The purpose of the publication is to aid regional and sectoral comparability, alongside providing a platform for understanding GCR Ratings.
The GCR Ratings Framework is anchored upon the GCR Risk Score. This numerical scoring system, which forms a single analytical approach across multiple sectors (including Financial Institutions, Insurance Companies, Corporates, Asset Management, Investment Holding Companies and Financial Services Companies), was designed to improve the transparency of GCR’s ratings. Furthermore, GCR risk scores simultaneously determine both international and national scale ratings, which is a significant enhancement from the traditional approach of determining national scale ratings from international ratings via mapping tables. Lastly, we believe the GCR’s Ratings Framework anchors an entity’s creditworthiness in its operating environment.

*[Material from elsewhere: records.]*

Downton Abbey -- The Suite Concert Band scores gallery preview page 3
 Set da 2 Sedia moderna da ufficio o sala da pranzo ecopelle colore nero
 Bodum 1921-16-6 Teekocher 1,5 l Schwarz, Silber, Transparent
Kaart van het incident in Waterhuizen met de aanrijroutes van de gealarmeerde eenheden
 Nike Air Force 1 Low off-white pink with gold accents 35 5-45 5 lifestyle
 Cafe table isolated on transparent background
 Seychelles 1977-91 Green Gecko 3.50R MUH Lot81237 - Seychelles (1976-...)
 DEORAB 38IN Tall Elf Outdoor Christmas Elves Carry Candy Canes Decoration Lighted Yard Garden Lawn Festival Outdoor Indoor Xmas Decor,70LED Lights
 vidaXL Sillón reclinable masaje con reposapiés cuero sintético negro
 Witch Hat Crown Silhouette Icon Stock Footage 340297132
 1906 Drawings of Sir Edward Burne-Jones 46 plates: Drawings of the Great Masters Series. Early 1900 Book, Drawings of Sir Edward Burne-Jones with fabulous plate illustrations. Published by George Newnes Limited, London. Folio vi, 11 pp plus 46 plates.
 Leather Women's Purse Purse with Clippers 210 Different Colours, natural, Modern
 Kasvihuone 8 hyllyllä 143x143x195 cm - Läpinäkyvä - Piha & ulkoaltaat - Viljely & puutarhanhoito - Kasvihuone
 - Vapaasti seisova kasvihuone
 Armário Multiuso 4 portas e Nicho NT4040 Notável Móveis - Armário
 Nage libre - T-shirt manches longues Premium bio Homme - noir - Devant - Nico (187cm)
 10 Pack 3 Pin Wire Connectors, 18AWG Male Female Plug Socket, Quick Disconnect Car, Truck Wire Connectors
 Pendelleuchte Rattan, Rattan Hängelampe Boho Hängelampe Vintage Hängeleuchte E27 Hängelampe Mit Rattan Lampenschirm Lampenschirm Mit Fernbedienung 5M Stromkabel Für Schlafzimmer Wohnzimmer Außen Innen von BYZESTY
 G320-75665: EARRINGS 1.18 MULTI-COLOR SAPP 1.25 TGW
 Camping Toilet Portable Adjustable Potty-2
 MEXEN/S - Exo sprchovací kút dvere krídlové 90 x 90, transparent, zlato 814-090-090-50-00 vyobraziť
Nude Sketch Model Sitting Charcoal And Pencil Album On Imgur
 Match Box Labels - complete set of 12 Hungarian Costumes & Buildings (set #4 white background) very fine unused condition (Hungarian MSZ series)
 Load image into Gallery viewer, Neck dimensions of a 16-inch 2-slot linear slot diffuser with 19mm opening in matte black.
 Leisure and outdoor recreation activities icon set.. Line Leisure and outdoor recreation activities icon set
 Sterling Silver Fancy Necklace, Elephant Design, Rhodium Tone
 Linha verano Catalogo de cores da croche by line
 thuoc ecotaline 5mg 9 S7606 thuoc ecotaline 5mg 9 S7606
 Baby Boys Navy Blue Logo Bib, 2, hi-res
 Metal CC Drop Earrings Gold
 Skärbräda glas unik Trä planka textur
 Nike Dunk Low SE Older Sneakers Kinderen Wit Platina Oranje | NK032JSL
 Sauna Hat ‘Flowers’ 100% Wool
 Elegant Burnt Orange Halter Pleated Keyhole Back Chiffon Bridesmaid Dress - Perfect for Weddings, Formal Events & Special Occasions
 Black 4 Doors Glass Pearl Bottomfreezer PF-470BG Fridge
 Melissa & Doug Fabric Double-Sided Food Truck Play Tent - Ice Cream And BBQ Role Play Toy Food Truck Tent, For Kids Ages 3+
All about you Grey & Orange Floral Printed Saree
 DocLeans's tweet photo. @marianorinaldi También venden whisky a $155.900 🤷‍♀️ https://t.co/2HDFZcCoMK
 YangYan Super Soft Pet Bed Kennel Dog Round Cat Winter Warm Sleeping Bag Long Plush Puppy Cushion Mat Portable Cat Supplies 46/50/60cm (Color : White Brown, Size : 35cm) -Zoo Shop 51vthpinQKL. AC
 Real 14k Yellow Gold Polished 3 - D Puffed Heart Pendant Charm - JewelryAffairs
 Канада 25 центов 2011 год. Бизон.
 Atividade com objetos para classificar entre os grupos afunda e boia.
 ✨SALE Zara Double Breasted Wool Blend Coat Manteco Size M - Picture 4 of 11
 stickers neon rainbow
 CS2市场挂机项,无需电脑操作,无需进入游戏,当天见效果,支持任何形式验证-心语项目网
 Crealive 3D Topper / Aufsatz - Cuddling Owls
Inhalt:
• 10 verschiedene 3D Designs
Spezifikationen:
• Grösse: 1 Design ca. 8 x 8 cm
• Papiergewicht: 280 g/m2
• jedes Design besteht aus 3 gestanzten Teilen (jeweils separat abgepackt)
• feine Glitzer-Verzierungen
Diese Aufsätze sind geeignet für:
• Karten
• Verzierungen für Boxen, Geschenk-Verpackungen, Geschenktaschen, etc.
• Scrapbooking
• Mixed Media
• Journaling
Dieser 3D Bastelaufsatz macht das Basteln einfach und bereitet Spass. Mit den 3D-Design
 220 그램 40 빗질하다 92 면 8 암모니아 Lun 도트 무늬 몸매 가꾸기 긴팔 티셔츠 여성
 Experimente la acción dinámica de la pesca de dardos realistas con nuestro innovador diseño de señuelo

The Mauritian economy is on a recovery path, after a sharp contraction in 2020 precipitated by the COVID-19 pandemic. With tourism halted, real GDP contracted by 15% in 2020 (real GDP growth was 3% in 2019), and the current account deficit widened substantially according to the International Monetary Fund (“IMF”). The worst hit sectors were tourism (including accommodation and food services) and manufacturing sectors since activity declined sharply with the closure of borders and disruptions in the global supply chains. Other sectors were also impacted due to the knock-on effects, albeit with varying magnitudes. Real GDP growth rebounded strongly to 5% in 2021 and is forecast to rise to 6.1% in 2022, fueled by the construction sector and public investment, gradual recovery in the tourism industry, and as exports strengthen in line with global demand. In the medium-term, real GDP growth is expected to firm to the pre-pandemic trend growth of 3-3.5%. Annual inflation increased substantially from 2.7% at end-2020 to 6.8% at end-2021 and further to 11% at end-April 2022 and is expected to rise to 11.4% later in 2022 due to surging commodity prices, past depreciation of the rupee, and recovering domestic demand. Unemployment, while higher at 9.5% in 2021 (2020: 9.2%, 2019: 6.7%) was contained by wage support schemes and is expected to decline as the economy recovers and to return to trend (around 7%) in the medium-term. Downside risks to the outlook include the impact of the Russia-Ukraine war that has amplified the increase in fuel and food prices and global supply bottlenecks, a resurgence of the pandemic, uncertainty surrounding tourist arrivals and tightening of global financial conditions. Mauritius successfully exited the FATF list of jurisdictions under increased monitoring in October 2021. As from November 2021, the United Kingdom also removed Mauritius from its list of high-risk countries under its UK Money Laundering and Terrorist Financing Regulations 2021. Mauritius was also removed from the European Union List of high-risk countries shortly after. The delistings are important milestones for the Mauritius International Financial Centre and is credit positive for banks.